広い大きなところでは仕方がないですが、部門別に分かれているところが多いです。
ムースなどを作ってケーキを作ったり、簡単なチョコレートのお菓子を作る“ムース場(アントルメ)”。
クッキー生地やパイ生地、クロワッサンなどのヴェノワズリー等を作る”ラミノワ”。
大きくこんな感じで分担されています。
呼称が違ったり、さらに細かい分類、専門部署があったりします。
それぞれの部署で、だいたい3年ほど就くのではないでしょうか。
1、2年だと、その店のレシピを一通り作れるというだけで、それを発展できるような、細かい理解はできません。
分担制でも、垣根を越えて相談したり、自分の仕事を早く終わらせて、積極的に他の部署を手伝いに行き、
色んな作業をして、経験を積むことが必要だと思います。
しかし、そこは今の人たちという感じで、手を差し伸べないと、動きません。
ですので、経験年数が5年あっても、ケーキを一通り作れる人は結構少ないです。
(作れるというのは、プロの作業感で、プロのお店で販売できる範囲のものを作れる、という意味。)
全体の作業の理解が無いと、ケーキに関連性が生まれず、進化していく事はあり得ません。
例えば、ムース場でケーキを一種作るとします。
スポンジにシロップが浸み込みやす過ぎる、または浸み込み無さ過ぎる、と思っても、
どう変化させていいか分かりません。
そもそも、今回のは○○だな、と思うだけで、変化させようとも、思わないかもしれません。

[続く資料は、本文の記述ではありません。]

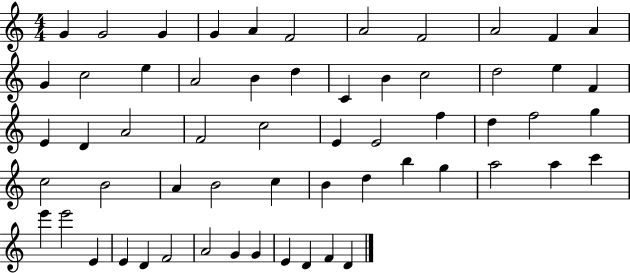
X:1
T:Untitled
M:4/4
L:1/4
K:C
G G2 G G A F2 A2 F2 A2 F A G c2 e A2 B d C B c2 d2 e F E D A2 F2 c2 E E2 f d f2 g c2 B2 A B2 c B d b g a2 a c' e' e'2 E E D F2 A2 G G E D F D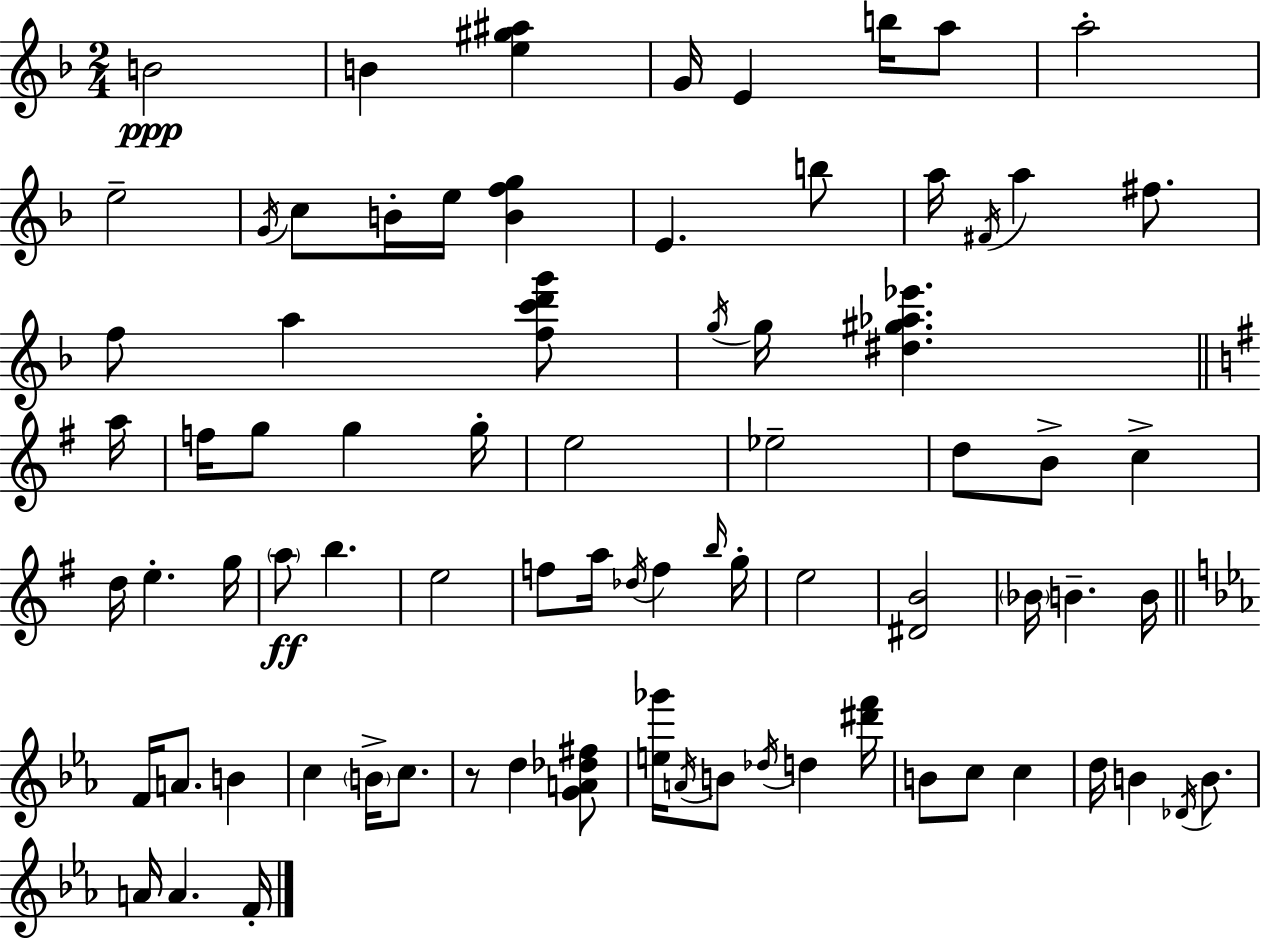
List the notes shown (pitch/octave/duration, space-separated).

B4/h B4/q [E5,G#5,A#5]/q G4/s E4/q B5/s A5/e A5/h E5/h G4/s C5/e B4/s E5/s [B4,F5,G5]/q E4/q. B5/e A5/s F#4/s A5/q F#5/e. F5/e A5/q [F5,C6,D6,G6]/e G5/s G5/s [D#5,G#5,Ab5,Eb6]/q. A5/s F5/s G5/e G5/q G5/s E5/h Eb5/h D5/e B4/e C5/q D5/s E5/q. G5/s A5/e B5/q. E5/h F5/e A5/s Db5/s F5/q B5/s G5/s E5/h [D#4,B4]/h Bb4/s B4/q. B4/s F4/s A4/e. B4/q C5/q B4/s C5/e. R/e D5/q [G4,A4,Db5,F#5]/e [E5,Gb6]/s A4/s B4/e Db5/s D5/q [D#6,F6]/s B4/e C5/e C5/q D5/s B4/q Db4/s B4/e. A4/s A4/q. F4/s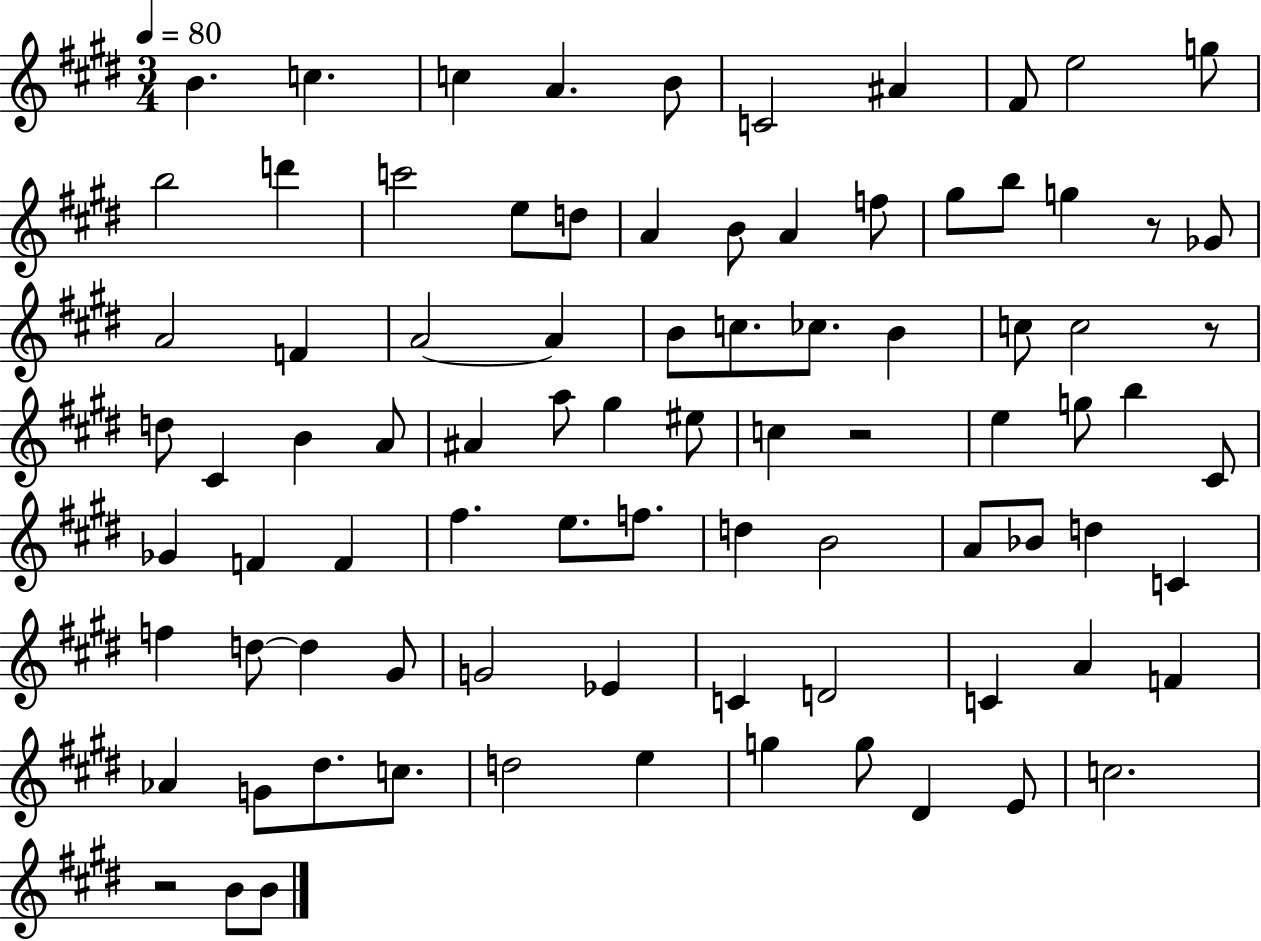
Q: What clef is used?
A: treble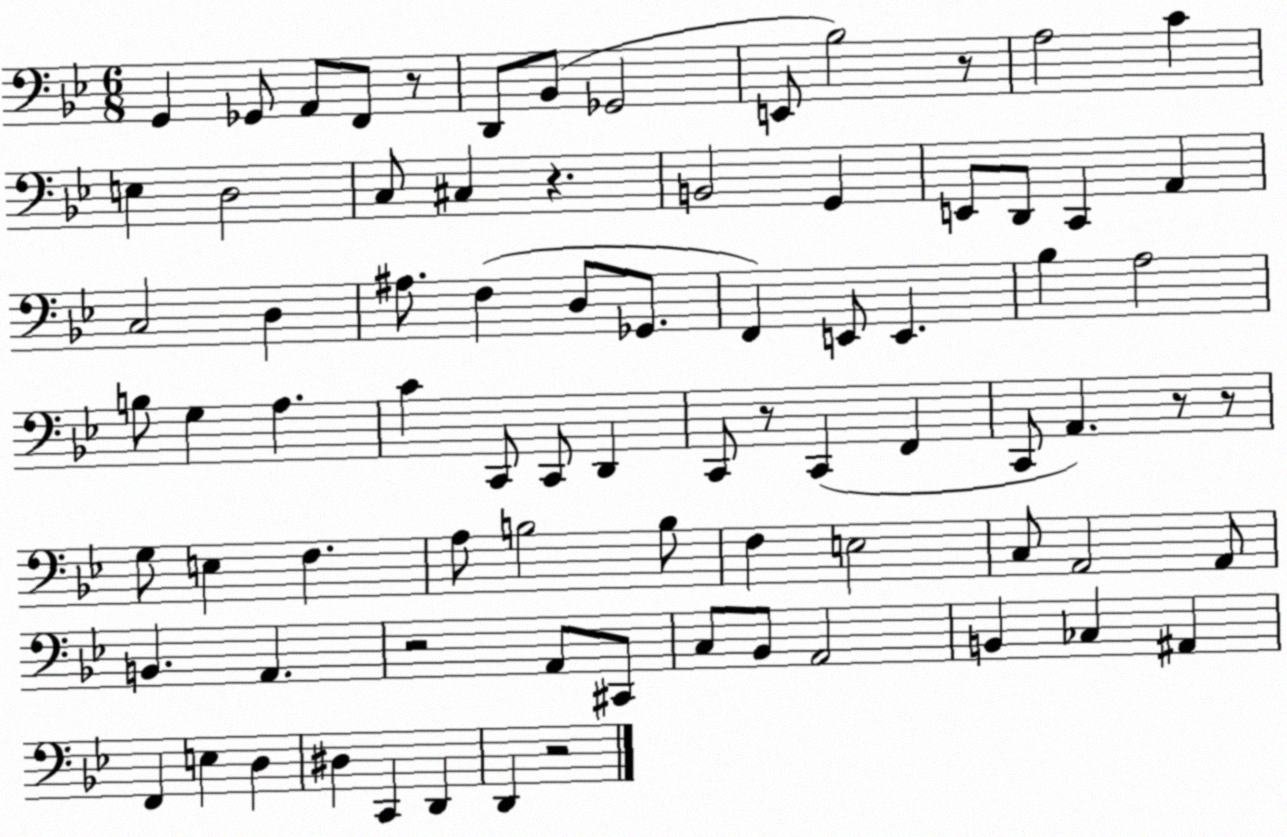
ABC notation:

X:1
T:Untitled
M:6/8
L:1/4
K:Bb
G,, _G,,/2 A,,/2 F,,/2 z/2 D,,/2 _B,,/2 _G,,2 E,,/2 _B,2 z/2 A,2 C E, D,2 C,/2 ^C, z B,,2 G,, E,,/2 D,,/2 C,, A,, C,2 D, ^A,/2 F, D,/2 _G,,/2 F,, E,,/2 E,, _B, A,2 B,/2 G, A, C C,,/2 C,,/2 D,, C,,/2 z/2 C,, F,, C,,/2 A,, z/2 z/2 G,/2 E, F, A,/2 B,2 B,/2 F, E,2 C,/2 A,,2 A,,/2 B,, A,, z2 A,,/2 ^C,,/2 C,/2 _B,,/2 A,,2 B,, _C, ^A,, F,, E, D, ^D, C,, D,, D,, z2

焼き場からすると、生地がちゃんと焼けたかどうか、くらいで、どういう状態がケーキにとっては良いか、分かりません。
何でもかんでも、ふんわり焼くことが正しい訳ではありません。
というわけで、全部署の仕事が見れる環境と、そうでない環境では、一つのお菓子の理解度に差が出ることが多いです。
これが、パティシエが中々育たない理由の一つだと思います。
作業効率としては、短期的には良いのですが。
そこでトゥルモンドは、基本的に全員で同じ作業をする、というようにしています。
クッキーを焼くのも、ムースを作るのも、ひとりでやる事は、まず無いです。
先輩に作業の仕方や、製法や細かい状態の違いなど、見聞きしながら作業します。
計量だけ、という仕事もありません。
オーブン補助、みたいな役割の上下もありません。
計量ミスもしやすいですし、計量ロボではありません。
(参考…計量ミスをしない方法 1)
また、オーブンからラミノワまで、全ての作業が出来る環境なので、
「スポンジも、こういう風に焼き上げることによって、ムースと組み立てた時に、こういう調和が生まれる。」、
「こうやって組み立てた時に、デメリットがあるから、クッキー生地の配合を変更した方が良いのでは無いか。」、
ケーキの全体像を考えながらの作業をすることが出来ます。
でも本当は、これは当たり前の事なんです。
シェフ一人だけで作るとすれば、必ず考えています。
だから、作るごとに進化させられるし、色んな新しいものを生み出せます。
このドヤ顔している、うちのチーフパティシエールのはっしーは、トゥルモンドの5年生です。
入社当時は、ほとんど何もできませんでした。
それが今では全てのお菓子を作れるのはもちろん、ウェディングケーキも作りますし、新作ケーキの試作中だったりします。
販売員としても、お店で1、2を争います。
分担制でもそうでなくとも、良いところ・悪いところはありますが、
もっとも成長できる環境にしたいと思っています。
それと並行しつつ、短い労働時間にしていきたいと努めています。
もっとパティシエ業界が、他業界から憧れる存在になっていってほしいなと、願っています。